I've used this "frying" method on eggplant slices for years, so I decided to try it on my green tomatoes. It worked! Now my family loves them in BLTs. —Jolene Martinelli, Derry, New Hampshire
Recommended: What to Eat When It's Too Hot to Cook
VERIFIED BY Taste of Home Test Kitchen
- 1 large green tomato (about 8 ounces)
- 1 large egg, beaten
- 1 cup panko (Japanese) bread crumbs
- 1/4 teaspoon salt
- 1/4 cup reduced-fat mayonnaise
- 2 green onions, thinly sliced
- 1 teaspoon snipped fresh dill or 1/4 teaspoon dill weed
- 8 slices whole wheat bread, toasted
- 8 cooked center-cut bacon strips
- 4 Bibb or Boston lettuce leaves
- Preheat broiler. Cut tomato into eight slices, each about 1/4 in. thick. Place egg and bread crumbs in separate shallow bowls; mix salt into bread crumbs. Dip tomato slices in egg, then in bread crumb mixture, patting to help adhere.

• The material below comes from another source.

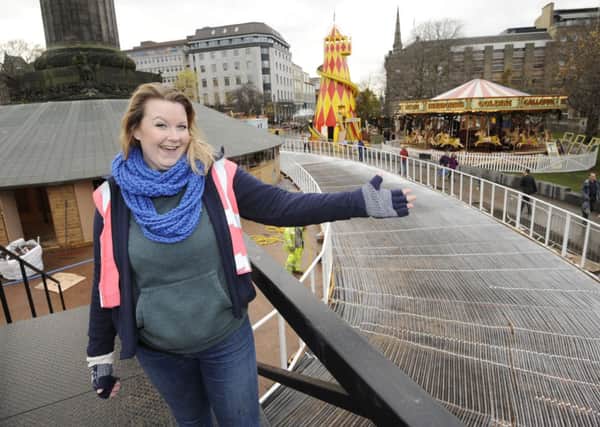 Lauren Dyer from Underbelly checks progress on St Andrew Square ice rink. Picture: Greg Macvean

- Place tomato slices on a wire rack set in a 15x10x1-in. baking pan; broil 4-5 in. from heat until golden brown, about 30-45 seconds per side.
- Mix mayonnaise, green onions and dill. Layer each of four slices of bread with two bacon strips, one lettuce leaf and two tomato slices. Spread mayonnaise mixture over remaining slices of bread; place over top. Yield: 4 servings.